--- START ---

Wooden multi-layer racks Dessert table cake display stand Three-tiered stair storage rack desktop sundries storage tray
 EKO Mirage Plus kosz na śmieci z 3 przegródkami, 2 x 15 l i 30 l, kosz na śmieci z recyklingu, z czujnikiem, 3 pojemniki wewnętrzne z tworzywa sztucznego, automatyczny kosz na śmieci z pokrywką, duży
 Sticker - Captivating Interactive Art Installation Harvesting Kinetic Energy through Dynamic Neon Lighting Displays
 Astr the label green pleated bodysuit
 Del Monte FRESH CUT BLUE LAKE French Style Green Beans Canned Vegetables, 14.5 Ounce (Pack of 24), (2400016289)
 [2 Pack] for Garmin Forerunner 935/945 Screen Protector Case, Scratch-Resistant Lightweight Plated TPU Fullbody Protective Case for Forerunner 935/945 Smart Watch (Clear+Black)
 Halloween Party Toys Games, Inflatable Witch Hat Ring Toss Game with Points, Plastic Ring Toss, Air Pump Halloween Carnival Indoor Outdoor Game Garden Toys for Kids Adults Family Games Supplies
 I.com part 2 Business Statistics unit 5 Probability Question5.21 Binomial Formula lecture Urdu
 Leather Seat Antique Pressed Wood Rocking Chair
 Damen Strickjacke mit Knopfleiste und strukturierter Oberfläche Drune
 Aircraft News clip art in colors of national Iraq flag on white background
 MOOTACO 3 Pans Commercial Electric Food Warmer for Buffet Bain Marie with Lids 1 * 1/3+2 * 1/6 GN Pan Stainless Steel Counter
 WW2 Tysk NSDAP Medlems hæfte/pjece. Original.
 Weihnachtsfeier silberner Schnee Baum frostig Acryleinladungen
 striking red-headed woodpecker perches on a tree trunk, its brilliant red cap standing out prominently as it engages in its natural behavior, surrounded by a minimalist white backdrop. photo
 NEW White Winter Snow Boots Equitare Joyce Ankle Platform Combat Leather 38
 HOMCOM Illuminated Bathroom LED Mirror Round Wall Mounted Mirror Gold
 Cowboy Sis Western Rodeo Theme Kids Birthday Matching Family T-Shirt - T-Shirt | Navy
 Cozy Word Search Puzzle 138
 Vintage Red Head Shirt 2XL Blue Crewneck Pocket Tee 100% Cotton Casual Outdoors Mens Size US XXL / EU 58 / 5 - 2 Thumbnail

--- END ---

*TRY IT*:
What is needed is an exact copy of the lines from the one containing "HOMCOM Illuminated Bathroom" through the final line of the data, both included, and nothing more.

*OUTPUT FOR THIS TASK*:
 HOMCOM Illuminated Bathroom LED Mirror Round Wall Mounted Mirror Gold
 Cowboy Sis Western Rodeo Theme Kids Birthday Matching Family T-Shirt - T-Shirt | Navy
 Cozy Word Search Puzzle 138
 Vintage Red Head Shirt 2XL Blue Crewneck Pocket Tee 100% Cotton Casual Outdoors Mens Size US XXL / EU 58 / 5 - 2 Thumbnail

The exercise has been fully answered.